The battle wages on...

I'm at least at a place of equilibrium, I think. The hair algae problem is not getting any worse, but to keep it stable I have to do a major cleaning every weekend. This includes pulling out as many tufts as I can by hand with an airline tube siphon and stirring my sand bed. I've stopped scrubbing the rocks as it seemed like that was just spreading the algae around to new spots all over the tank. On a bright note, pretty much all of my corals are looking great, as long as I can keep them from getting overgrown by the algae!

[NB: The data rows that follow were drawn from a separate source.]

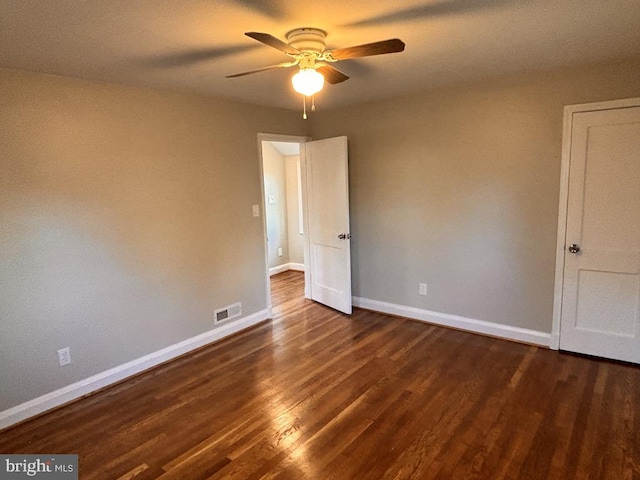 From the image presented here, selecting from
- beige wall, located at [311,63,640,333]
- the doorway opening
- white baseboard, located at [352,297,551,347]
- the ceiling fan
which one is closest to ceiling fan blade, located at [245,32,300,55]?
the ceiling fan

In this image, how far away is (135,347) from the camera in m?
3.28

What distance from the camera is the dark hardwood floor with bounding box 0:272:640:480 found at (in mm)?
2137

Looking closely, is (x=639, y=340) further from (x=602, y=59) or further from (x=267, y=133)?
(x=267, y=133)

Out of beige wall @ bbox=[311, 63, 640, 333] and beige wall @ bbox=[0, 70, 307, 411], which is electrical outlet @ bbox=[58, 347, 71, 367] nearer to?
beige wall @ bbox=[0, 70, 307, 411]

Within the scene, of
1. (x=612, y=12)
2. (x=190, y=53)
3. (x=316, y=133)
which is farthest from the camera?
(x=316, y=133)

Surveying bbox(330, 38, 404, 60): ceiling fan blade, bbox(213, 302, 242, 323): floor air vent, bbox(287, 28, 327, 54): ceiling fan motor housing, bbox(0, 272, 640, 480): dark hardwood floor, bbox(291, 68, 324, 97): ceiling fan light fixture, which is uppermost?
bbox(287, 28, 327, 54): ceiling fan motor housing

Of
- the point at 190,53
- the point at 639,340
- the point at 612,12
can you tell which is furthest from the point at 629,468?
the point at 190,53

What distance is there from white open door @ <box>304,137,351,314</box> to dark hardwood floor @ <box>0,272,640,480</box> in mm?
1012

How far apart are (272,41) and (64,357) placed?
2653mm

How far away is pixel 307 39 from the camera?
2129 millimetres

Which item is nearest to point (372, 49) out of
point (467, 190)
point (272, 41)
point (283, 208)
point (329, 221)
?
point (272, 41)

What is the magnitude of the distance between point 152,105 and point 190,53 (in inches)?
40.9

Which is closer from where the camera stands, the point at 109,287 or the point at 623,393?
the point at 623,393

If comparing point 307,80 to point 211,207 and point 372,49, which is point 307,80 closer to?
point 372,49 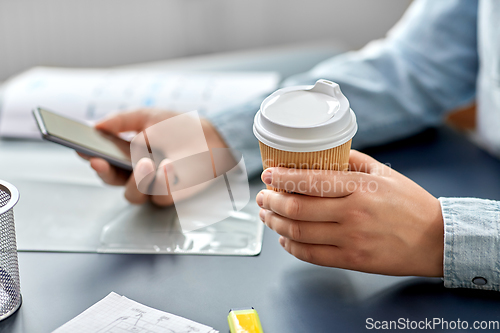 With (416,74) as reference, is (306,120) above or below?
above

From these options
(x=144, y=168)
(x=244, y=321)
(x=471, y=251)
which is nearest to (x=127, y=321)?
(x=244, y=321)

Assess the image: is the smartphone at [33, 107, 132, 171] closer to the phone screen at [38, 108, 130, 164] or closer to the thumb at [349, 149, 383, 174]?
the phone screen at [38, 108, 130, 164]

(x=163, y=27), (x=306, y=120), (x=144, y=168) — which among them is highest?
(x=306, y=120)

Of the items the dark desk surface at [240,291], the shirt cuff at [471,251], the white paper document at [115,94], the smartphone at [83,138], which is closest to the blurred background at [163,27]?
the white paper document at [115,94]

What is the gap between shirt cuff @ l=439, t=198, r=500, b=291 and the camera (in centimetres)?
46

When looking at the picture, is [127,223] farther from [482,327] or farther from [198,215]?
[482,327]

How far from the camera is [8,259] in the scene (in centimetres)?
44

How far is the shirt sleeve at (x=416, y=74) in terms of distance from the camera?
794 millimetres

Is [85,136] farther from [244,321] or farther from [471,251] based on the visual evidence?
[471,251]

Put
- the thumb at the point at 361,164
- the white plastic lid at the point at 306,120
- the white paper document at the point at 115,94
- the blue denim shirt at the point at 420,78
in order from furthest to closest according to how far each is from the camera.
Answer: the white paper document at the point at 115,94, the blue denim shirt at the point at 420,78, the thumb at the point at 361,164, the white plastic lid at the point at 306,120

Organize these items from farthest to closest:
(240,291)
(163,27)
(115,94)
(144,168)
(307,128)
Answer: (163,27)
(115,94)
(144,168)
(240,291)
(307,128)

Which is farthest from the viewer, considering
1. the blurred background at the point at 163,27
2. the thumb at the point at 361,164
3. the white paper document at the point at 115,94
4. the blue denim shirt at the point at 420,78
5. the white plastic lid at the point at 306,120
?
the blurred background at the point at 163,27

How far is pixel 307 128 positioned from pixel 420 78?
54cm

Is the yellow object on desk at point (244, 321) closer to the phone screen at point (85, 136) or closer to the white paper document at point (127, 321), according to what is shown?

A list of things that have not worked for me, in case you are interested:
  • Hydrogen peroxide - maybe I needed a stronger solution, but it does almost nothing when spot applied under water in the tank. I'm limited to 1.5ml per application since my tank is so small (~15 gallons total volume)
  • Fluconazole - I can be sure I don't have bryopsis at this point...I've done two 3-week courses at 20mg/gal with no noticeable change at all, except that I think this might have killed a lot of my snails
  • Switching to non-pellet food - I'm feeding rinsed fresh calanus and rinsed frozen mysis...no difference
  • Blackouts - I've done up to 90 hours with cardboard taped over all sides of the aquarium...when I took it off the algae just laughed at me
As of Monday, I am running GFO for the first time. After reading about a million threads and several articles by Randy Holmes-Farley, I've realized that whether I can test it or not, I have a phosphate issue. In my case, I believe that I'm probably overfeeding relative to my phosphate export mechanism, which at this point is limited to protein skimming and water changes, neither of which are capable of keeping phosphate low enough to inhibit algae growth. My daily feeding introduces phosphate, which is immediately taken up by the growing algae, so my Hanna checker reads zero.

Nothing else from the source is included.